O memorando, assinado pelo diretor interino do ICE, Todd Lyons, e datado de 12 de maio de 2025, afirma que, embora o DHS historicamente não tenha se apoiado apenas em mandados administrativos para prender pessoas com ordem final de deportação em suas residências, o Escritório do Conselheiro-Geral do DHS concluiu recentemente que a Constituição dos EUA, a Lei de Imigração e Nacionalidade e os regulamentos migratórios não proíbem esse uso.

O texto não explica como essa conclusão foi alcançada nem quais podem ser suas consequências legais.

Em nota enviada por e-mail à AP, a porta-voz do DHS, Tricia McLaughlin, afirmou que todas as pessoas alvo de mandados administrativos já passaram por “devido processo legal completo” e têm ordem final de deportação. Segundo ela, os agentes que emitem esses mandados também estabelecem causa provável para a prisão. McLaughlin disse ainda que a Suprema Corte e o Congresso reconheceram a validade de mandados administrativos em casos de imigração, sem detalhar. Ela não respondeu se agentes do ICE já entraram em casas após a emissão do memorando usando apenas esse tipo de mandado, nem com que frequência.

Prisões recentes expõem práticas

A organização Whistleblower Aid, que presta apoio jurídico a denunciantes, informou na denúncia que representa dois funcionários anônimos do governo dos EUA que revelam uma diretriz “secreta — e aparentemente inconstitucional”.

Uma série de prisões recentes, muitas realizadas em residências e empresas privadas e registradas em vídeo, trouxe atenção às táticas de detenção por imigração e ao uso de mandados adequados.

A maioria das prisões migratórias ocorre com base em mandados administrativos, emitidos por autoridades de imigração para deter uma pessoa específica, mas que não autorizam a entrada forçada em casas ou outros locais privados sem consentimento. Apenas mandados assinados por juízes conferem esse poder.

Todas as operações policiais, inclusive as do ICE e da Alfândega e Proteção de Fronteiras, estão sujeitas à Quarta Emenda, que protege qualquer pessoa no país contra buscas e apreensões sem justificativa adequada.

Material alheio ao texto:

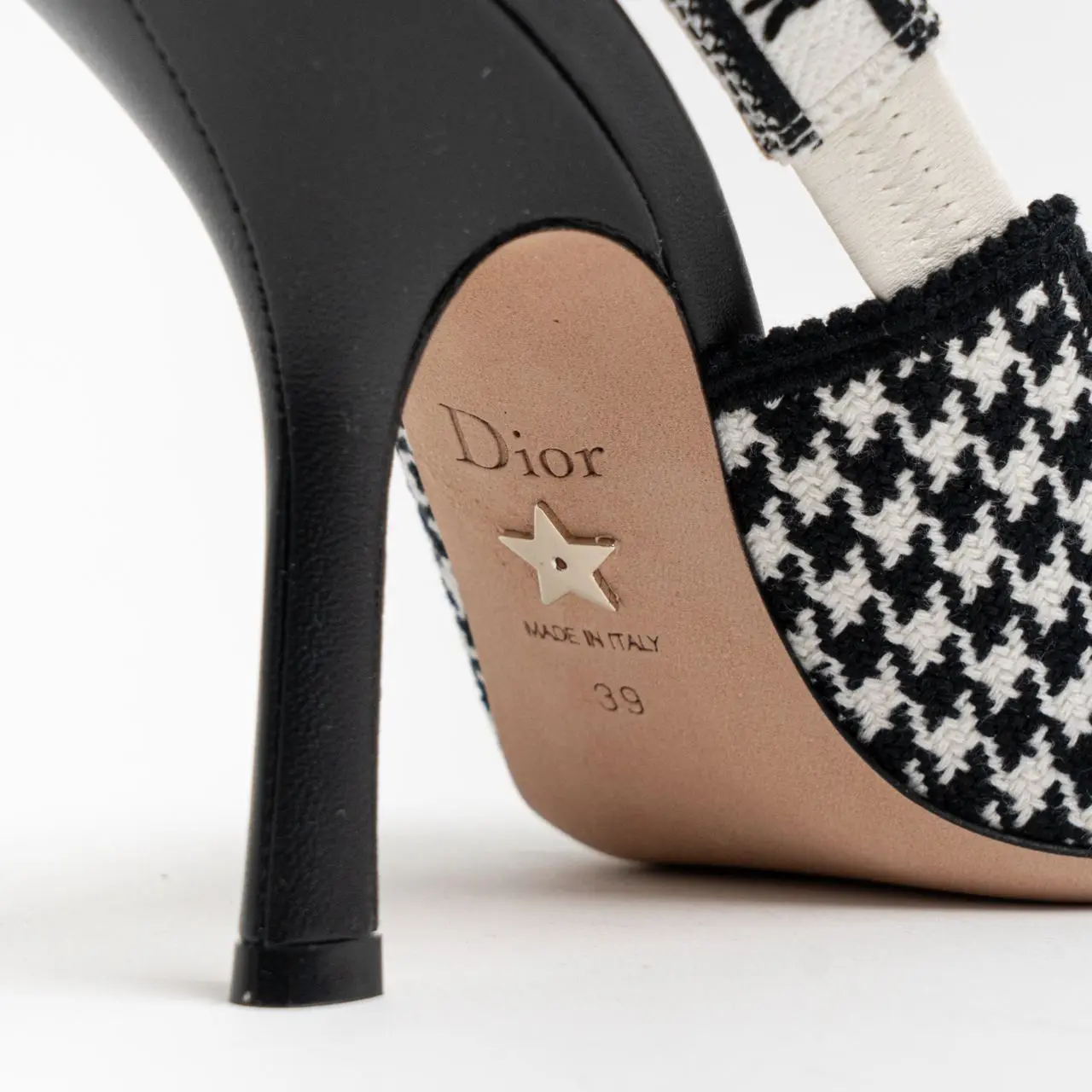 CHRISTIAN DIOR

Em geral, é legal recusar a entrada de agentes federais de imigração quando eles possuem apenas mandado administrativo, salvo exceções limitadas.

Orientações do memorando

O documento afirma que agentes do ICE podem entrar à força em residências e prender imigrantes apenas com um mandado administrativo assinado, conhecido como I-205, desde que exista ordem final de deportação emitida por juiz de imigração, pelo Conselho de Apelações de Imigração ou por juiz federal.

O memorando determina que os agentes batam à porta, se identifiquem e expliquem o motivo da visita. A entrada deve ocorrer apenas entre 6h e 22h, e as pessoas no interior da casa devem ter uma “chance razoável de agir de forma legal”. Caso isso não ocorra, o uso de força é autorizado.

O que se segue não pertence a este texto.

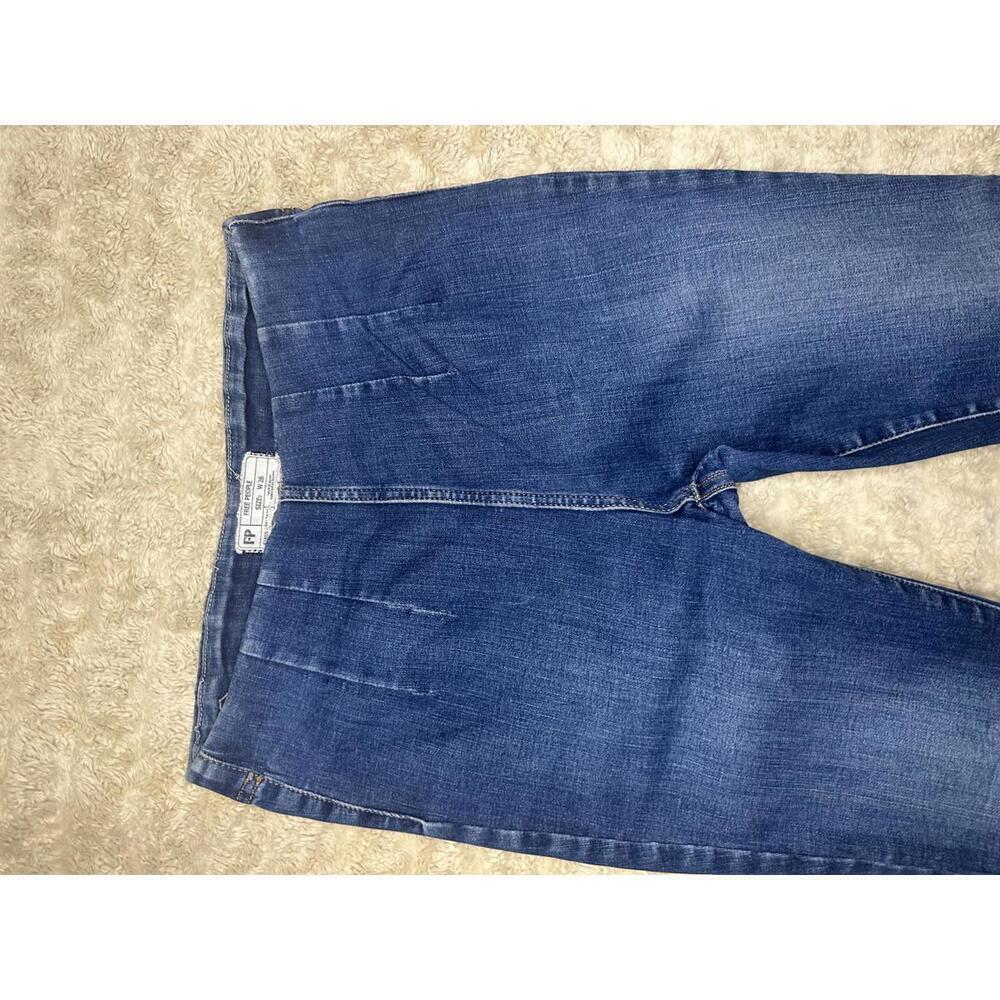 Free People medium wash pleated pull-on skinny denim jeans Size 28 - Picture 2 of 6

“Caso o estrangeiro se recuse a permitir a entrada, agentes e oficiais do ICE devem usar apenas a quantidade necessária e razoável de força para ingressar na residência, após notificar adequadamente sua autoridade e intenção de entrar”, diz o texto.

Embora o memorando seja endereçado a todo o pessoal do ICE, a Whistleblower Aid afirma que ele foi mostrado apenas a “autoridades selecionadas” do DHS, que o repassaram a alguns funcionários sob a condição de leitura e devolução. Um dos denunciantes só pôde ler o documento na presença de um supervisor e sem fazer anotações. Outro conseguiu acessá-lo e repassá-lo legalmente ao Congresso.

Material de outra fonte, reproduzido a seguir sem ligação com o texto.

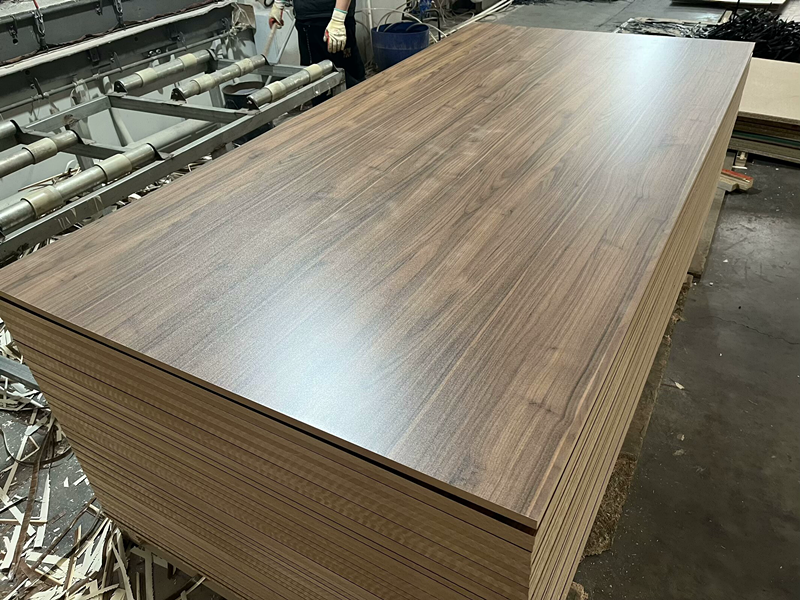 Coloured Faced 18mm Sheet Melamine Mdf Board, Embossed Melamine Mdf Board Moisture Resistant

Apesar de ter sido emitido em maio, segundo David Kligerman, vice-presidente sênior e consultor jurídico da Whistleblower Aid, foi necessário tempo para encontrar um meio seguro e legal de torná-lo público.

Treinamento contraditório

O ICE tem contratado rapidamente milhares de novos agentes de deportação, treinados no Centro Federal de Treinamento de Aplicação da Lei, na Geórgia. Em visita da AP ao local em agosto, autoridades do ICE afirmaram repetidas vezes que os novos agentes aprendem a seguir a Quarta Emenda.

De acordo com os denunciantes, porém, recrutas estariam sendo instruídos a se apoiar apenas em mandados administrativos para entrar em residências e realizar prisões, mesmo quando isso entra em conflito com materiais oficiais de treinamento do DHS.